Boards can also help set the appropriate tone by holding all directors to the same standards that are applied to employees throughout the organization. Directors should be expected to meet all guidelines set forth in codes of conduct, they must hold senior management to those same guidelines and they must hold both themselves and management accountable when violations occur. Beyond that, Boards can make adherence with and promotion of the ethics and compliance program a part of the performance evaluations of senior management – and for Board members, as well. Additionally, Boards should receive the same basic ethics and compliance training that is required of employees and provide the certifications concerning program acknowledgement and training completion that all employees must provide.
Lastly, Boards should ensure that company expectations with respect to ethics and compliance are communicated regularly to employees and that successes and failures – to the extent appropriate and/or possible – are highlighted.
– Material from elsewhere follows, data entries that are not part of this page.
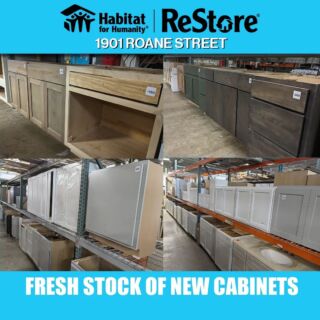 Happy Friday! We've got a couple of truckloads of new kitchen cabinets! Come on out this weekend and help support safe and affordable housing! Thank you!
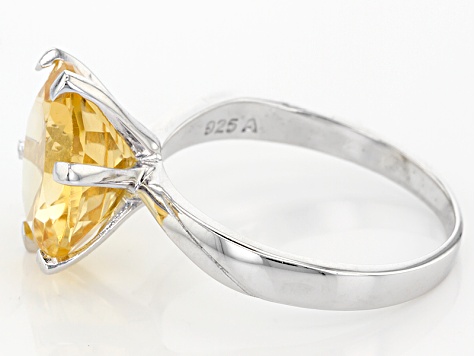 Yellow Citrine Rhodium Over Sterling Silver Ring 6.00ct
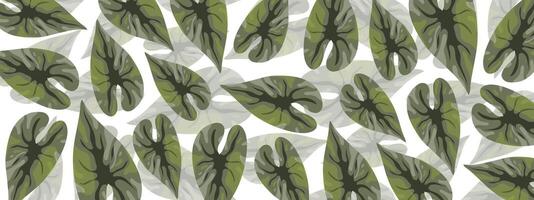Light Green Leaf Pattern with Natural Jungle Texture vector
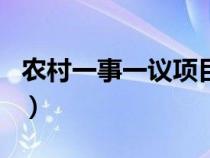 农村一事一议项目有哪些（农村一事一议项目）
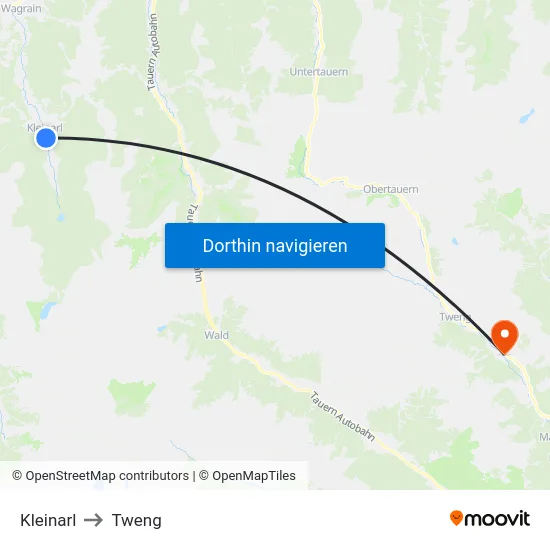 Kleinarl to Tweng map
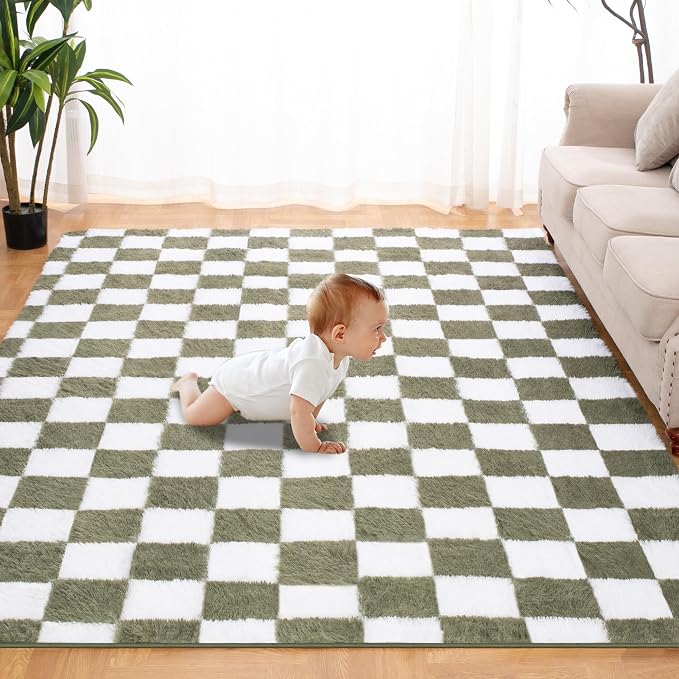 Super Soft Rug for Bedroom, 5x8 Ft Green and White Area Rug Classic Checkered by TOOHUB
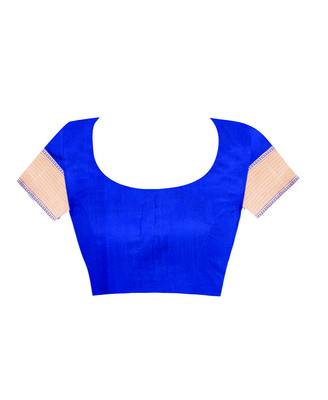 Royal Blue Woven Jacquard Saree With Blouse 4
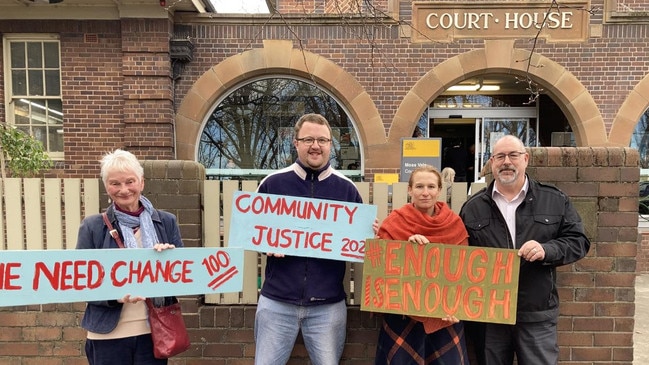 Rachel Russell and her 'Respectful Representation' ticket protesting outside Moss Vale Court on June 8, when Barry Paull was scheduled for his first court appearance.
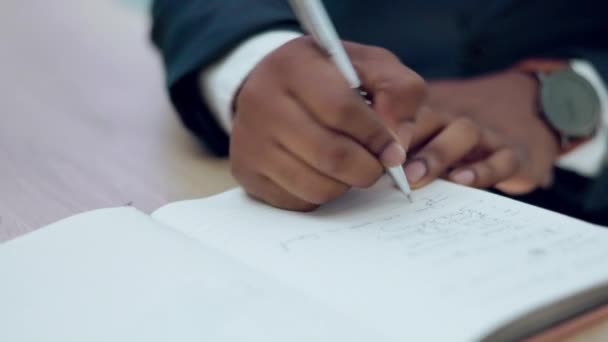 Adamı Eller Yazılar Hatırlatma Için Program Planlama Görev Veya Günlük — Stok video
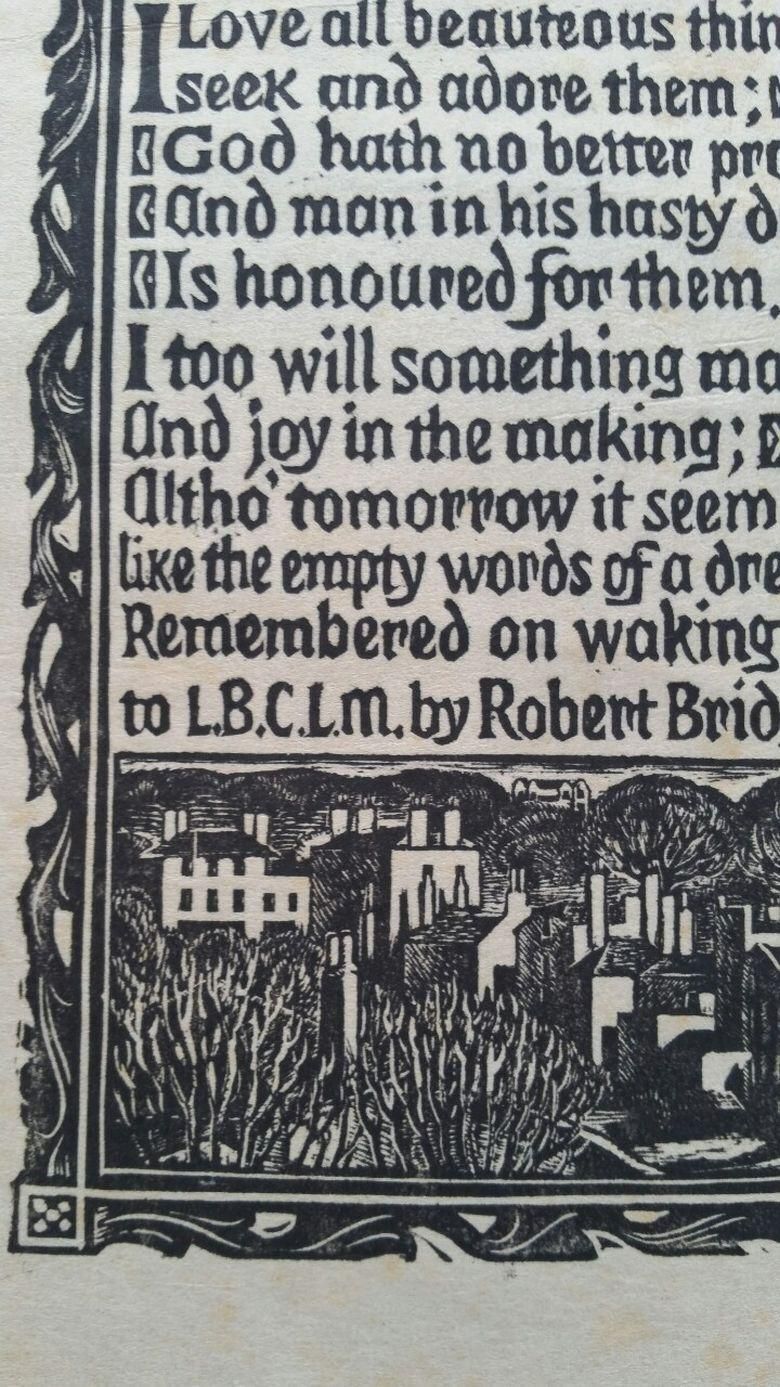 Unknownenglish Antique Woodcut Engraving, Of Prose By Robert Bridgescirca 1920 1930 photo Art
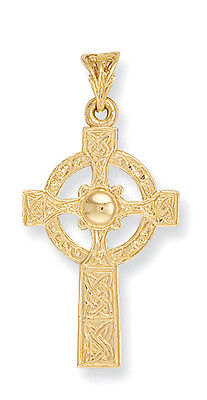 Gold Cross Pendant Yellow Gold Cross Large Celtic Cross Necklace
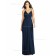 Beautiful Girls Dark Navy Floor Lengh Chiffon A line Bridesmaid Dress SBMD-J-1070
The Board’s active oversight of and participation and interest in the ethics and compliance program should also be communicated to all employees.
Boards have a fundamental role in the establishment of a successful corporate ethics and compliance program. To fulfill that role, however, directors must ask themselves if receiving a single, annual regulatory update from the general counsel is sufficient, or if they should instead demand more from management and themselves. Cost constraints, while always present, need not impair the Board’s role, and the active interest and involvement of the Board can always be present and will help foster the environment necessary for a robust ethics and compliance program.